Desktop is a very advanced word processor when compared with other ZX Spectrum word processors. It uses proportional fonts and it can use four different fonts in one document. However, it is not possible to use bold and italics as variants, every variant needs to use independent font.

The program was distributed with three supporting programs:
- Convertor - converter of text created in Tasword, D-Text, R-Text, D-Writer, and Textmachine into the Desktop format,
- Fonteditor - for editing fonts and writing headings, it can convert color images into grayscale images,
- Screen Top - for editing images up to dimensions of 512 by 384 pixels (2 by 2 screens of ZX Spectrum).

Several printers and plotters were supported for printing the text:
- plotter Minigraf Aritma 0507,
- plotters XY 4140, XY 4150, XY 4160,
- plotter Merkur Alfi,
- 1-pin dot matrix printer BT100,
- printer Gamacentrum 01,
- thermoprinter Robotron K6304,
- 9-pin dot matrix printers Epson FX, RX, LX, EX and compatible,
- 24-pin dot matrix printers Epson LQ and compatible.

The driver Ultra LQ was developed for better printing at Epson compatible printers; it prints the letters in the matrix of 16 by 24 points instead of original 8 by 12 points. The driver Ultra BT for better printing at BT100 printer existed too. These drivers were distributed as independent software packages.
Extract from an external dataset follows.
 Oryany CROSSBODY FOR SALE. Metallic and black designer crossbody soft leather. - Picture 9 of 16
Special version of Desktop with driver of D-100 printer existed, because D-100 was not compatible with Epson printers. Also a version supporting PRT 42G printer existed.
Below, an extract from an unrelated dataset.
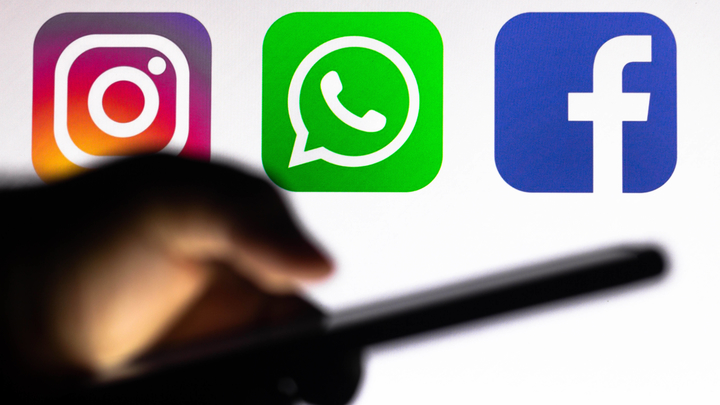 Social media illustrations in Brazil - 05 Oct 2021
Four sets of supporting programs, drivers, fonts, images were developed and distributed under the names Klub uživatelů Desktopu 1 - 4 (in English Desktop user club 1 - 4).
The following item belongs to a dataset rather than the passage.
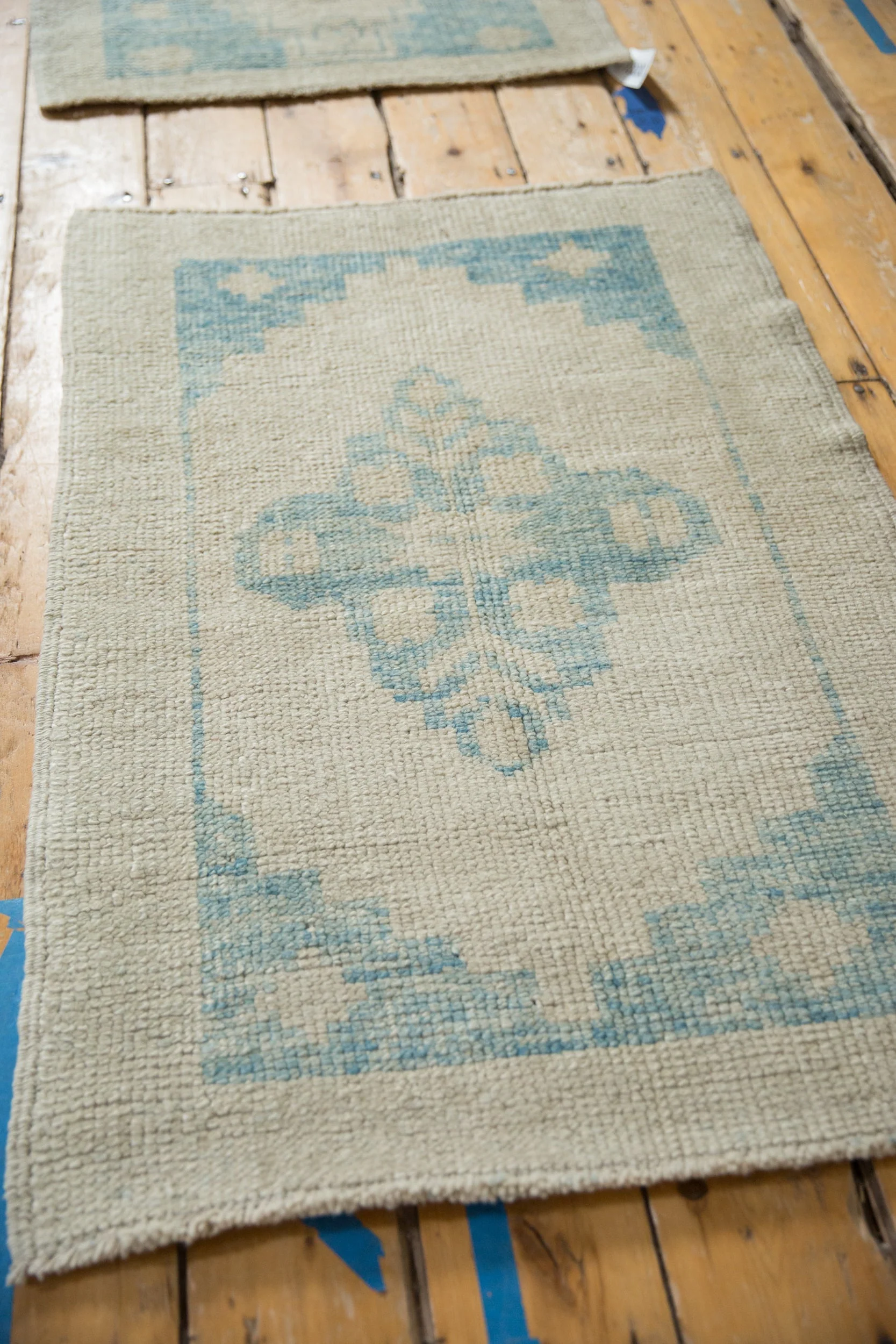 2.5x3.5 Distressed Oushak Rug - Image 6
Klub uživatelů Desktopu 1 contains the following:
- Archives - for printing of font look overview,
- driver BT100-552 - it allows printing of up to 552 point per line instead of standard 480 points per line (it requires modified printer BT100, unmodified can be damaged),
- Fonteditor - keypad - font editor directly runnable from Desktop word processor, controlled by keyboard,
- Fonteditor - Kempston - font editor directly runnable from Desktop word processor, controlled by Kempston joystick,
- Insert+Cat - it allows creating a text file from a diskette directory, similarly, it allows to make a list of files on cassette. Additionally, it allows to convert sequential .Q files into text file (.Q files are sequential files used by diskette units Didaktik 40 and Didaktik 80).
- Keyboard View - for printing of actual keyboard letter placement,
- Pulldown Menus - pull-down menus for Desktop,
- 20 fonts,
- 2 font complets - every complet contains four fonts,
- 3 big fonts,
- 60 images,
- 3 sample texts.

Klub uživatelů Desktopu 2 is the driver Ultra BT.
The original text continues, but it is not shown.